D doesn't have implicit template instantiation so using "pure templates" will probably end up being more verbose than in C++. If you use member functions then you don't have to worry about instantiating the templates.

-Ben

The following should help illustrate my earlier post.

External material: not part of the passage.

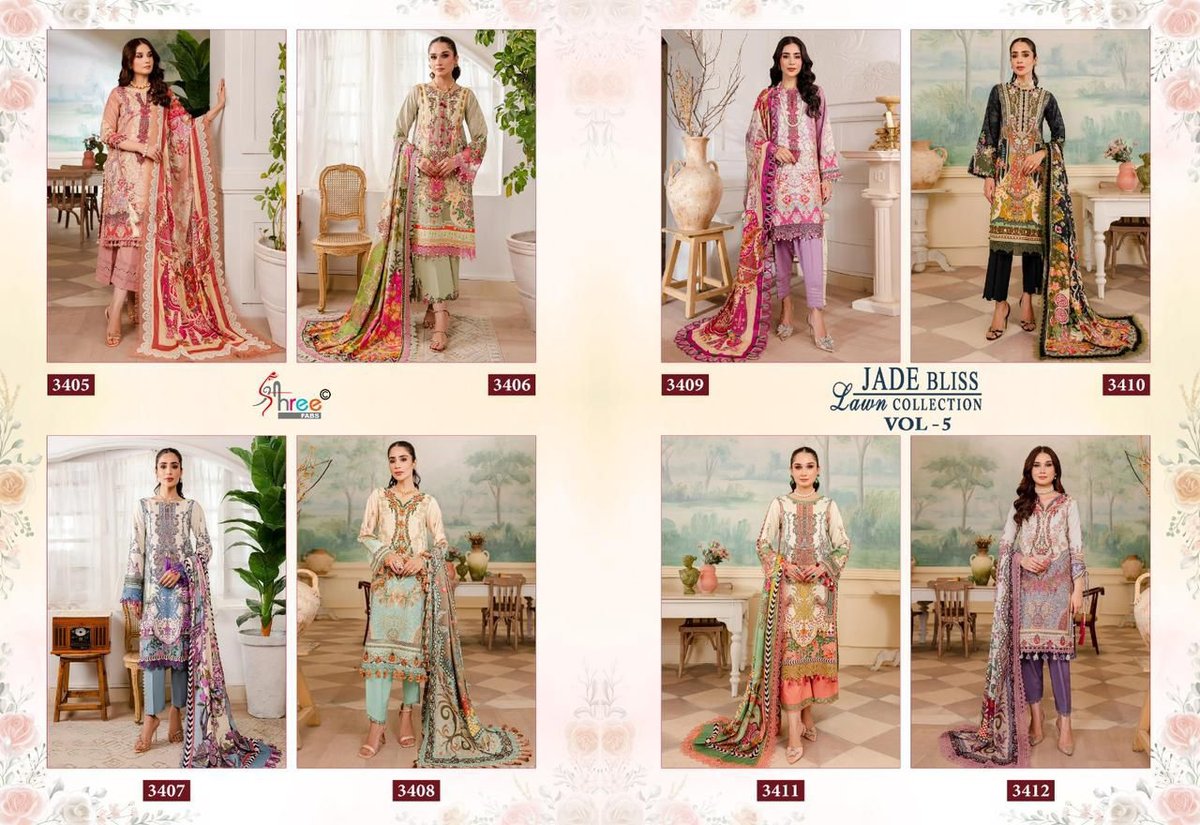 SHREE FAB JADE BLISS LAWN COLLECTION VOL-5 3405 TO 3412 9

It probably wouldn't be hard to share more code than I do below but you get the idea.

import std.stdio;
template GenericVectorOps(Vector,T,int N) {
  // arithmetic with the same underlying data types
  Vector opAdd(Vector y) {
    Vector res;
    for(int k=0;k<N;k++) {
      res.data[k] = data[k]+y.data[k];
    }
    return res;
  }
  // print out a Vector
  void print() {
    foreach(T val; data) writef(val," ");
    writefln();
  }
}
struct Vector(T,int N) {
  T[N] data;
  mixin GenericVectorOps!(Vector,T,N) gops;
  alias gops.opAdd opAdd;
}
struct Vector(T:double,int N) {
  T[N] data;
  mixin GenericVectorOps!(Vector,T,N) gops;
  alias gops.opAdd opAdd;
  // now define mixed type arithmetic with double and float
  Vector opAdd(.Vector!(float,N) y) {
    Vector res;
    for(int k=0;k<N;k++) {
      res.data[k] = data[k]+y.data[k];
    }
    return res;
  }
}
int main() {
  Vector!(double,3) x;
  x.data[0] = 1;
  x.data[1] = 2;
  x.data[2] = 3;
  Vector!(float,3) y;
  y.data[0] = 10;
  y.data[1] = 20;
  y.data[2] = 30;
  Vector!(double,3) z = x+y;
  Vector!(double,3) w = z+x;
  x.print();
  y.print();
  z.print();
  w.print();
  return 0;
}